In the early 1990s, Norwegian bands like Mayhem, Darkthrone and Immortal formed black metal's second wave, distinctly influencing the nihilistic and misanthropic tone the genre took on.
After the second wave, black metal branched out into even more sub-genres like atmospheric black metal and melodic black metal, with scenes iacross the globe. Some black metal sub-genres represent hateful ideologies, like National Socialist Black Metal, which promotes Nazism and similar views.
The genre has been linked to church burnings
Early black metal bands used evil slogans and satanic imagery for shock value, but the Norwegian black metal scene in the '90s turned those themes into reality.
The most prominent example is Norwegian black metal artist Varg Vikernes, former bassist for the band Mayhem, who was a key player in both black metal and the neo-Nazi movement.
In 1992, Vikernes started a campaign of church burning in Norway, allegedly beginning with the 12th century Fantove Stave Church outside Bergen, according to the Los Angeles Times.
Vikernes boasted about burning churches with other members of the scene, saying he wanted to take "revenge" on Christians and bring Norway back to its pagan roots, Rolling Stone reported.
Vikernes spent 15 years in prison for arson and for the 1993 murder of his bandmate Euronymous.
But while there are subcategories of black metal that express racist or neo-Nazi views, such extremist views aren't representative of the whole genre or the black metal community.
Louisiana suspect's Facebook activity
Matthews was active in a few Facebook groups that focused on either black metal or heathenistic, Asatru and Nordic religious beliefs.
Matthews said in a Facebook post that he held Asatru religious beliefs, which center around old Norse gods.
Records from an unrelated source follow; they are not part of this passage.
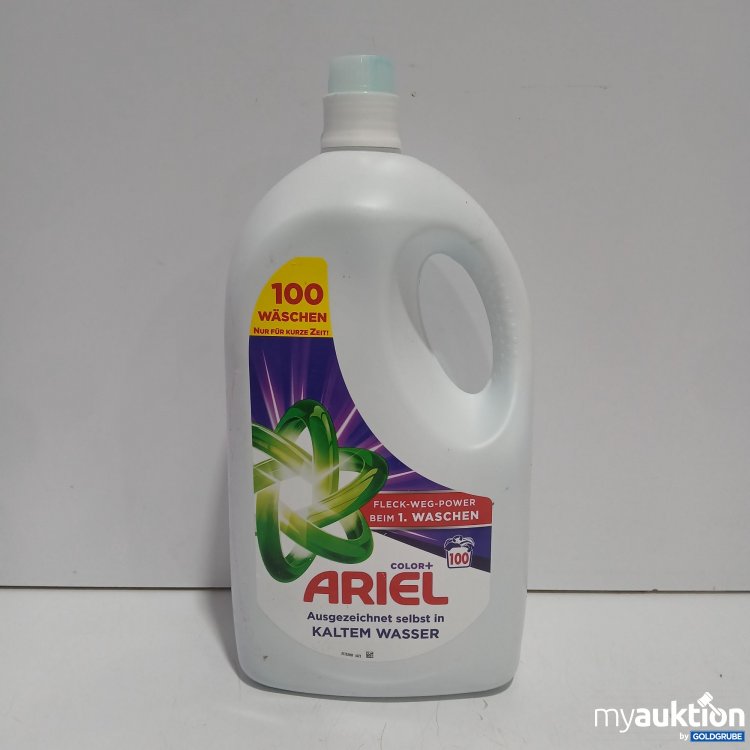 Artikel Nr. 957962: Ariel Waschmittel 4500ml 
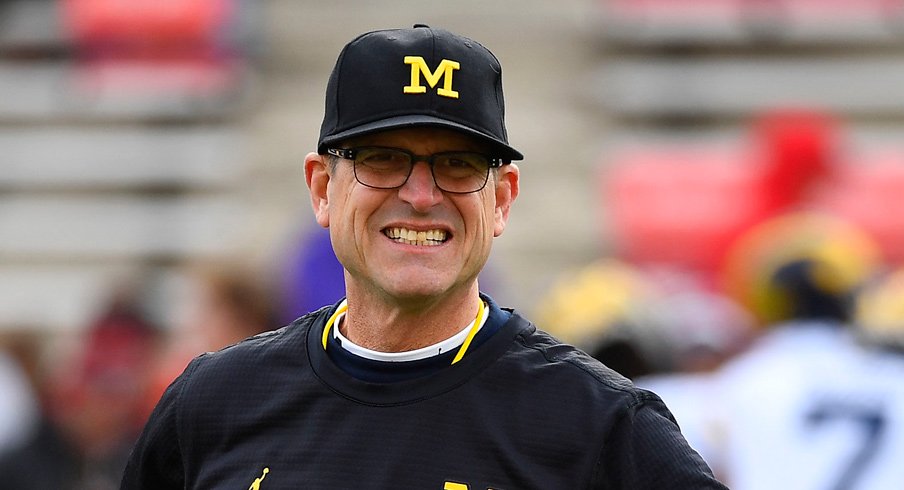 Jim Harbaugh to meet Ohio State for the third time.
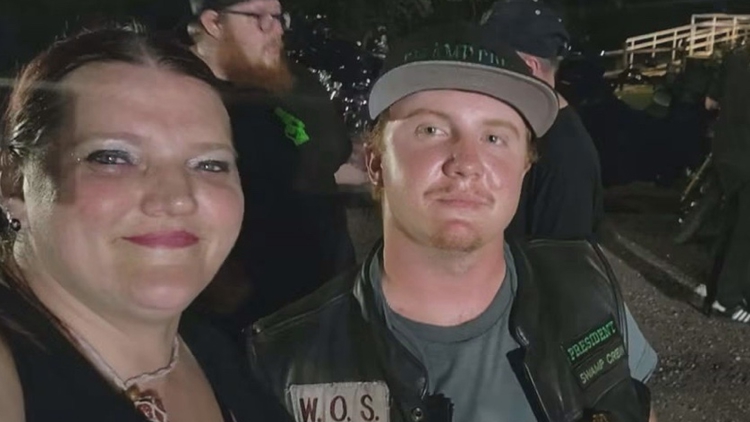 Friends mourn loss of 'Lucky' Gainey after motorcycle crash on Hodges Blvd. — First Coast News Local, Fleming Island Community news
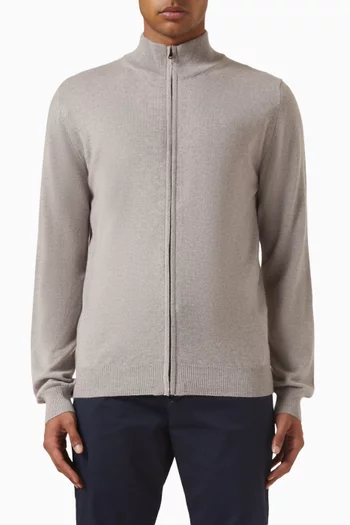 كارديغان بسحّاب كشمير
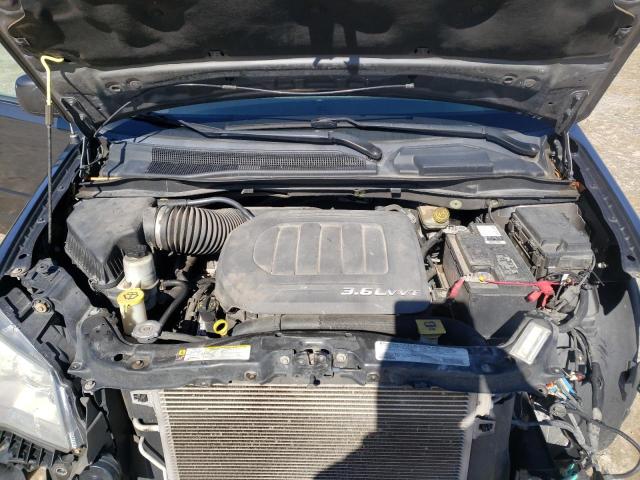 Photo 12 from auction – 2012 DODGE GRAND CARA with VIN 2C4RDGDG5CR113772
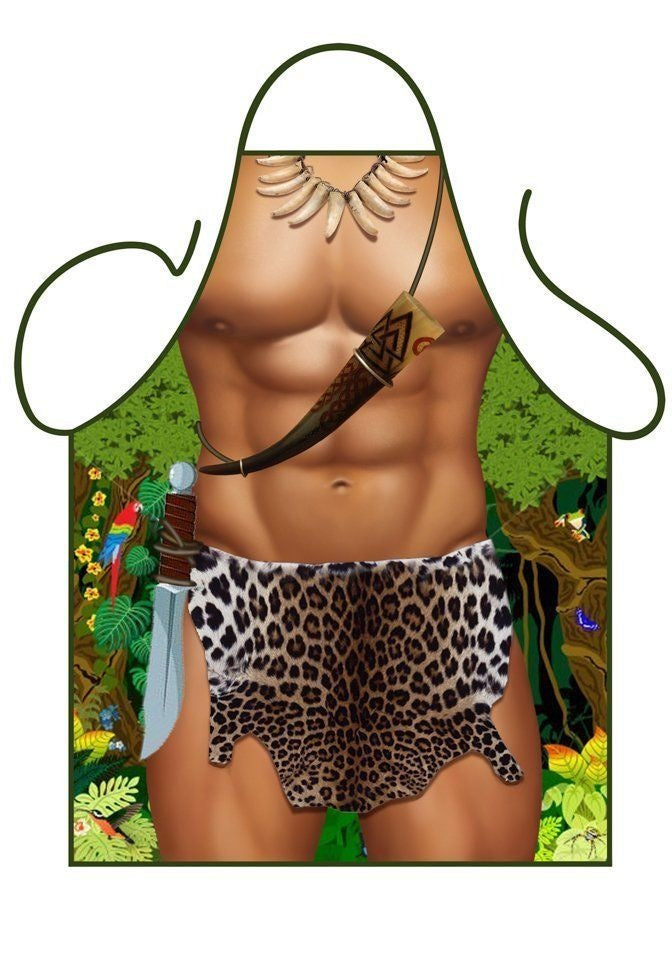 Schort Tarzan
In two Facebook posts on October 24, Matthews appears to admit he illegally carries a handgun, in addition a knife and dagger.
"I carry this," he wrote, captioning a photo of a handgun. "Maybe not legally but I only truly follow the law of Odin..... which says as you said,arm yourself."
On the same day authorities say Matthews set fire to Greater Union Baptist Church in Opelousas, Louisiana, Matthews made a chilling post in a black metal artists Facebook group.
Another group member asked people to choose a "class": wizard, fighter, sniper, assassin, guardian and warrior.
"I'll take the Arson/assassin/bard," Matthews responded.
Suspect targeted black churches
It's unclear what type of black metal Matthews listened to and whether or not it shaped his world view or influenced his attacks on the churches.
Of course, the question of race in the Louisiana fires can't be ignored -- all three of the churches burned had predominantly black congregations. As such, the events in Louisiana also conjure up painful memories from the Jim Crow era, when church burnings inspired by hatred were common, particularly in the South.
"For decades, African-American churches have served as the epicenter of survival and a symbol of hope for many in the African-American community," NAACP President and CEO Derrick Johnson said. "As a consequence, these houses of faith have historically been the targets of violence."
Authorities have not said whether they also plan to charge Matthews with a hate crime.